3.2. Conduct a simple data analysis

Those two little letters contain dozens of data analysis tools that we’ll use in future lessons. They can read in millions of records, compute advanced statistics, filter, sort, rank and do just about anything else you’d want to do with data.

As we saw with the list in the last chapter, Python can do quite a bit on its own. The advantage of pandas is that it saves time by offering even more options.

We can start to get a look at its powers by converting that plain Python list into what pandas calls a Series. Here’s how to make it happen in your next cell. Let’s stick with simple variables and name it my_series.

my_series = pd.Series(my_list)

Once the data becomes a Series, you can immediately run a wide range of descriptive statistics. Let’s try a few.

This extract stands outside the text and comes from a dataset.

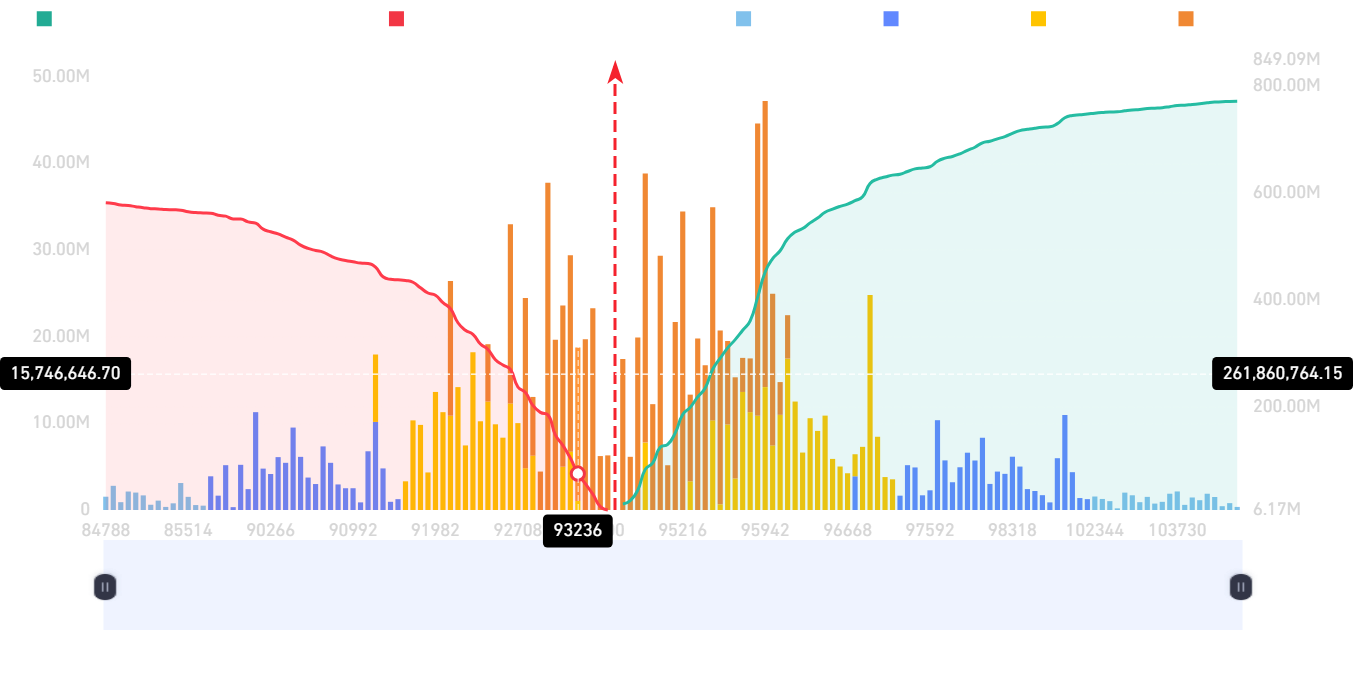 Liquidation Levels Surge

How about summing all the numbers? Make a new cell and run this. It should spit out the total, just like the sum() function in the last chapter.

my_series.sum()
np.int64(1024)

Then find the maximum value in the next.

my_series.max()
np.int64(999)

The minimum value in the next.

my_series.min()
np.int64(1)

How about the average?

my_series.mean()
np.float64(170.66666666666666)

And how about the median, which we didn’t have a way to do with just Python?

my_series.median()
np.float64(6.0)

Let’s go further. How about the standard deviation?

my_series.std()
np.float64(405.8086577029458)

Finally, all of the above, plus a little more about the distribution, in one simple command.

my_series.describe()
count      6.000000
mean     170.666667
std      405.808658
min        1.000000
25%        3.500000
50%        6.000000
75%        8.500000
max      999.000000
dtype: float64

If you substituted in a series of 10 million records, your notebook would calculate all those same statistics without you needing to write any more code. Once your data, however large or complex, is imported into pandas, there’s little limit to what you can do to filter, merge, group, aggregate, compute or chart using simple methods like the ones above. In the chapter to come we’ll start doing just using that with data from a real Los Angeles Times investigation.